(Captioned web image data)
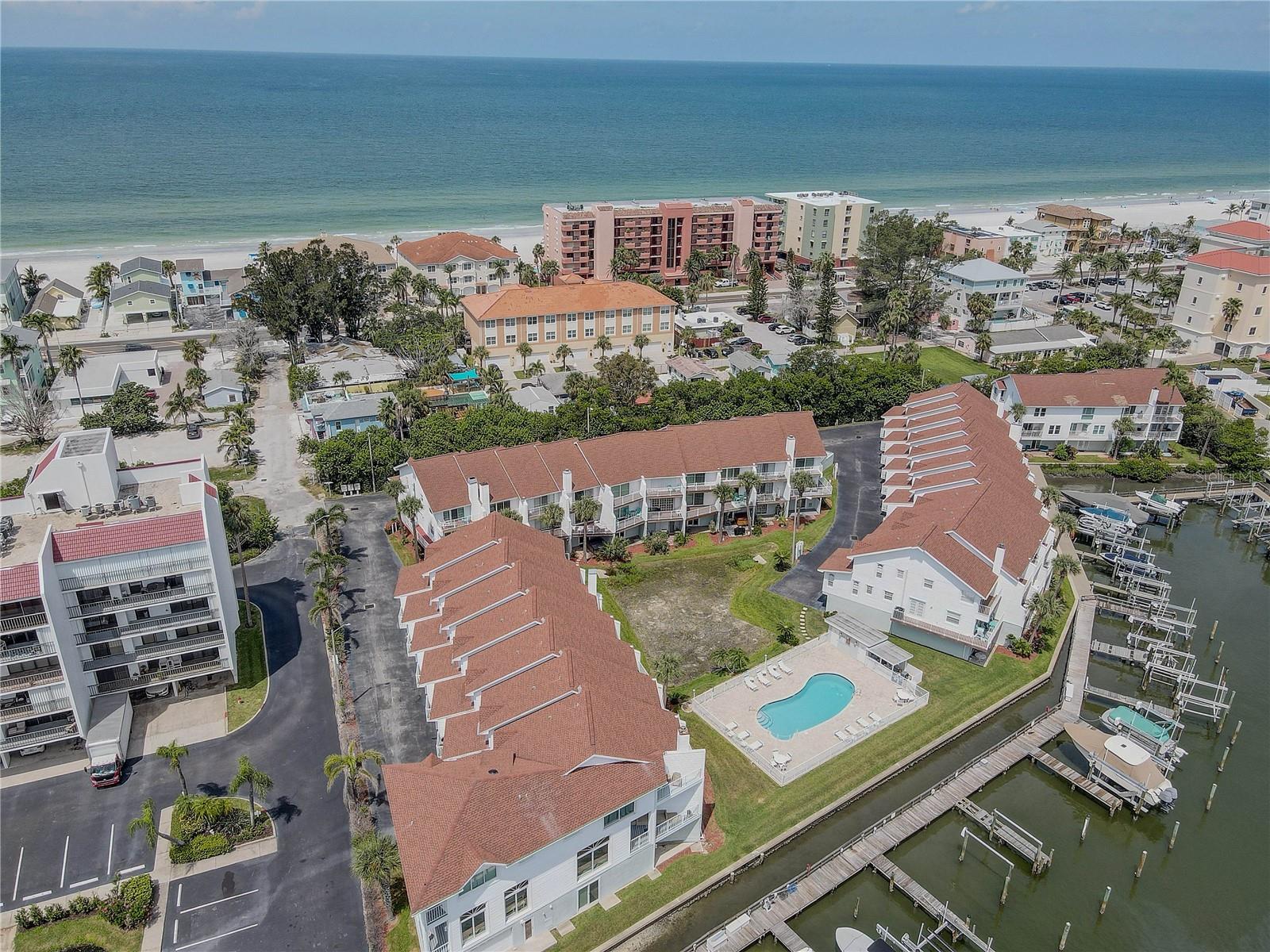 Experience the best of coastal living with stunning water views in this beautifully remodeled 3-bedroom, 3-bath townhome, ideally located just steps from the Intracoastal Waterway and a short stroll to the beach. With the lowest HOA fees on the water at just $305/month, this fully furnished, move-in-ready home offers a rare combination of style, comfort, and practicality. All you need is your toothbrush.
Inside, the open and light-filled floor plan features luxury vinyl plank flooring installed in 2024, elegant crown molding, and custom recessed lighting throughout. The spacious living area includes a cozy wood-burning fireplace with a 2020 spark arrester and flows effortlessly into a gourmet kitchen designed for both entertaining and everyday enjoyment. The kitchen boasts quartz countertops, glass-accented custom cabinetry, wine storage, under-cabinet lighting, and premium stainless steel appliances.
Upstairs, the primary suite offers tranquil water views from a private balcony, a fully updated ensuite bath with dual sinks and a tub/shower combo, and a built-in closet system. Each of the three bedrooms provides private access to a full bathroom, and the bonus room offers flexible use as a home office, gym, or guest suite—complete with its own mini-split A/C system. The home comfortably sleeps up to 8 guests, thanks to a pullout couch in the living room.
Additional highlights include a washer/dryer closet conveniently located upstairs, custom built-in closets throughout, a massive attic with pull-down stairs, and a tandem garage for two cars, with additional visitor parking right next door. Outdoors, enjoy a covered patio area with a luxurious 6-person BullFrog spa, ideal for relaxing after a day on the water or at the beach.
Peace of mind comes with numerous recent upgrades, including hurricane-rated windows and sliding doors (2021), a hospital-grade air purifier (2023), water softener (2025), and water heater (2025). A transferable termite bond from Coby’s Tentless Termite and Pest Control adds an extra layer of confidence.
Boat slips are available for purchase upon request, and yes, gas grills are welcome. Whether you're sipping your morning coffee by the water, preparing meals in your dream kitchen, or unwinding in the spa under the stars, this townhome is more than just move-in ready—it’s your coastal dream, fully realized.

Problem: Could you give all the records again, exactly, minus the pictures?

Answer for the task:
 Experience the best of coastal living with stunning water views in this beautifully remodeled 3-bedroom, 3-bath townhome, ideally located just steps from the Intracoastal Waterway and a short stroll to the beach. With the lowest HOA fees on the water at just $305/month, this fully furnished, move-in-ready home offers a rare combination of style, comfort, and practicality. All you need is your toothbrush.
Inside, the open and light-filled floor plan features luxury vinyl plank flooring installed in 2024, elegant crown molding, and custom recessed lighting throughout. The spacious living area includes a cozy wood-burning fireplace with a 2020 spark arrester and flows effortlessly into a gourmet kitchen designed for both entertaining and everyday enjoyment. The kitchen boasts quartz countertops, glass-accented custom cabinetry, wine storage, under-cabinet lighting, and premium stainless steel appliances.
Upstairs, the primary suite offers tranquil water views from a private balcony, a fully updated ensuite bath with dual sinks and a tub/shower combo, and a built-in closet system. Each of the three bedrooms provides private access to a full bathroom, and the bonus room offers flexible use as a home office, gym, or guest suite—complete with its own mini-split A/C system. The home comfortably sleeps up to 8 guests, thanks to a pullout couch in the living room.
Additional highlights include a washer/dryer closet conveniently located upstairs, custom built-in closets throughout, a massive attic with pull-down stairs, and a tandem garage for two cars, with additional visitor parking right next door. Outdoors, enjoy a covered patio area with a luxurious 6-person BullFrog spa, ideal for relaxing after a day on the water or at the beach.
Peace of mind comes with numerous recent upgrades, including hurricane-rated windows and sliding doors (2021), a hospital-grade air purifier (2023), water softener (2025), and water heater (2025). A transferable termite bond from Coby’s Tentless Termite and Pest Control adds an extra layer of confidence.
Boat slips are available for purchase upon request, and yes, gas grills are welcome. Whether you're sipping your morning coffee by the water, preparing meals in your dream kitchen, or unwinding in the spa under the stars, this townhome is more than just move-in ready—it’s your coastal dream, fully realized.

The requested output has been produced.